Don Erio, sarà un percorso leggero o pesante?

"Dipende da noi. Solo pochi giorni fa abbiamo ricevuto l’indicazione, da parte del dicastero vaticano e del nunzio, di procedere verso l’unificazione. Il consiglio presbiterale interdiocesano ne ha preso atto e ha impostato tre aree di cammino che dovremo affrontare".

Ce le anticipa?

"Innanzitutto c’è un’area pastorale: significa comprendere cosa implichi l’unificazione per le nostre parrocchie e per l’esperienza cristiana, e in questo ambito di sono già esperienze di collaborazione avviate. Poi c’è un area territoriale: dovremo forse rivedere la struttura dei vicariati, senza penalizzare nessuno. La questione amministrativa è molto complessa: fondere le diocesi significa mettere insieme gli uffici di Curia o l’Istituto diocesano per il sostentamento del Clero, e ci saranno procedure da affidare a specialisti"

Qualcuno dice che Modena ‘accorperà’ Carpi, e in fondo la diocesi grande ‘mangerà’ quella più piccola...

"Non esiste un accorpamento delle diocesi, nessuna assorbe l’altra: c’è una fusione in cui nasce, in un certo senso, una terza diocesi. Questo processo risponde a un’indicazione che era già nei Patti lateranensi del 1929 in cui si auspicava che le diocesi andassero verso le province: a metà degli anni ‘80 c’è stata già una riforma che in Italia ha unito un centinaio di diocesi, da 325 a 226, e già allora la Congregazione per i vescovi chiese di proseguire. Si cerca di chiedersi come le strutture possano adeguarsi alla realtà".

Ha intitolato ‘Il peso leggero’ la sua lettera pastorale anche pensando alle complessità che si dovranno affrontare?

"No, in realtà l’ho pensata quando ancora non era arrivata la determinazione.
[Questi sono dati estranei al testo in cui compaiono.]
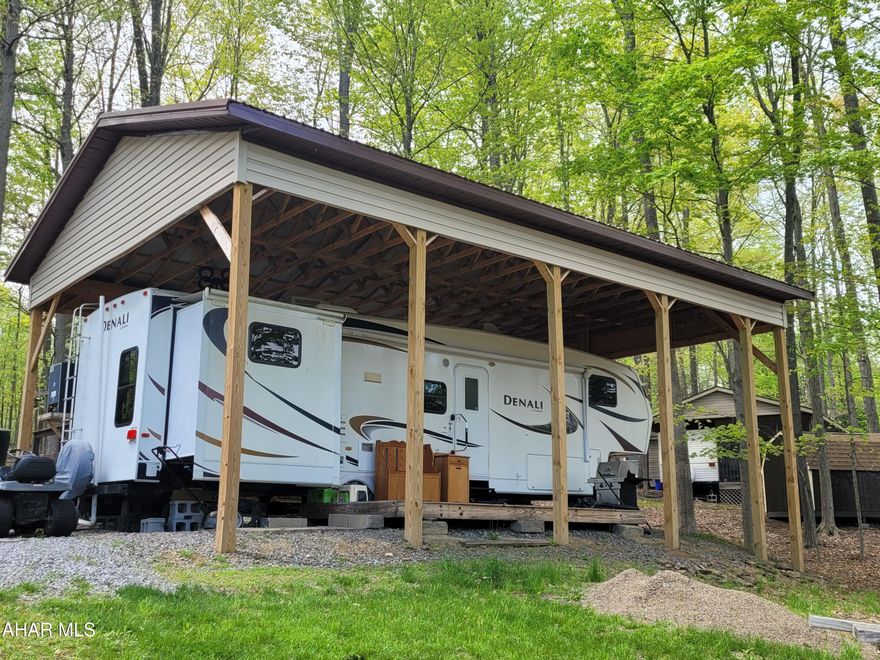 Two bedroom, 1.5 bath spacious camper with slideouts protected under a pavilion.  Location is what you will appreciate with this unit as it is directly next to a wooded area.  There is plenty of sleeping space for all.  Very few campers offer two bathrooms which makes this property stand out.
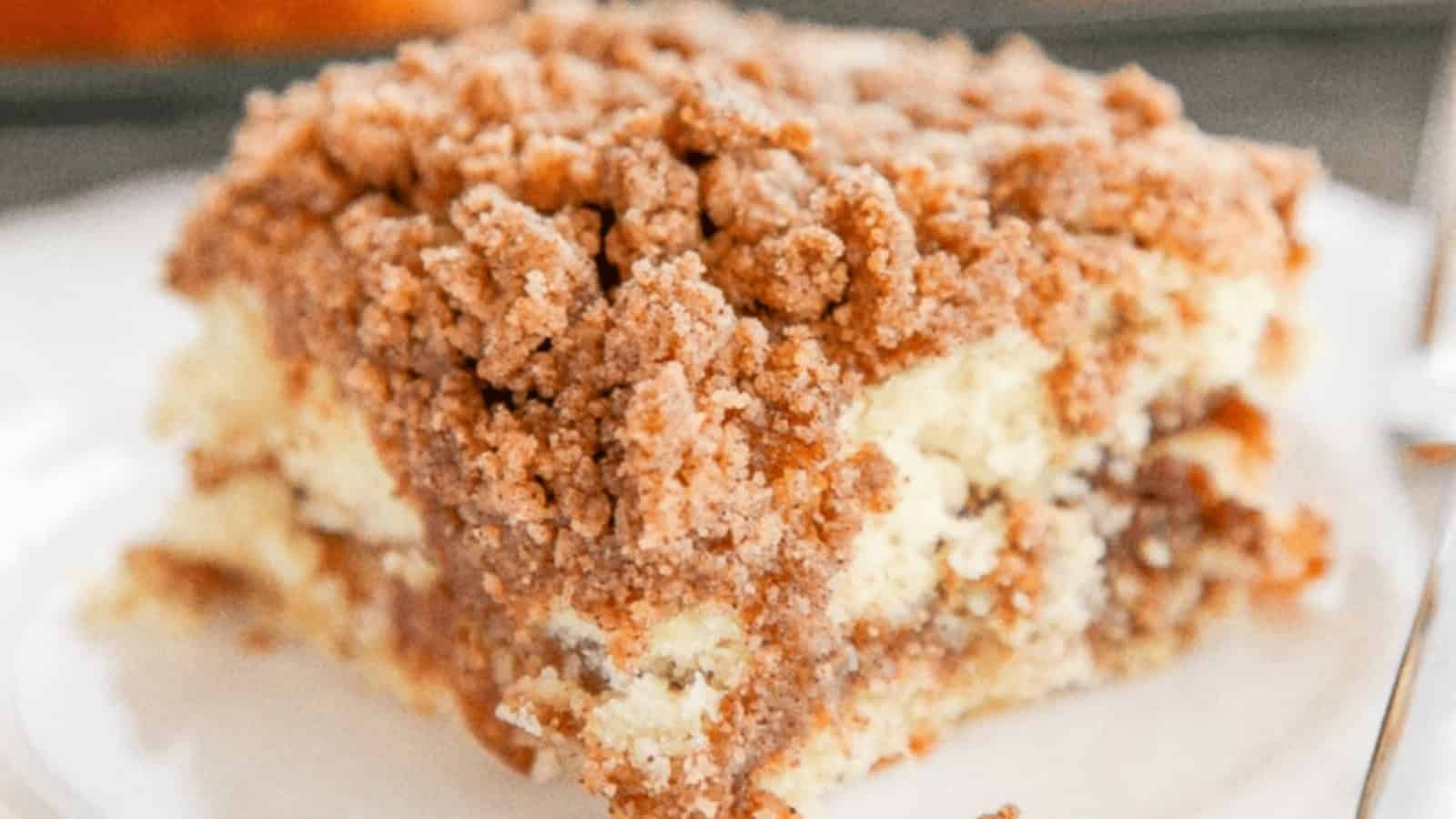 A slice of cinnamon coffee cake topped with brown sugar streusel.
A questo ‘peso leggero’ io do un significato più ampio e spirituale: operatori pastorali, sacerdoti, religiosi e religiose, laici, offrono testimonianza di vita cristiana bella quando la vivono non come un carico pesante che schiaccia, ma come un peso leggero, portato insieme a Gesù e insieme agli altri. La lettera cerca di richiamare un animo pastorale: vivere con gratitudine il servizio, portare i pesi gli uni degli altri e testimoniare la gioia".

Tuttavia il peso è anche quello burocratico delle incombenze, delle carte, della burocrazia...

"Certo, alcune strutture sono da alleggerire perché sono sovradimensionate e ormai lontane dalle finalità per cui sono state pensate: questa è una leggerezza da guadagnare. Ma l’essenziale resta sempre nel cuore. Se una persona è grata, affronta tutto con leggerezza, ma se è appesantita dentro non c’è leggerezza fuori che tenga".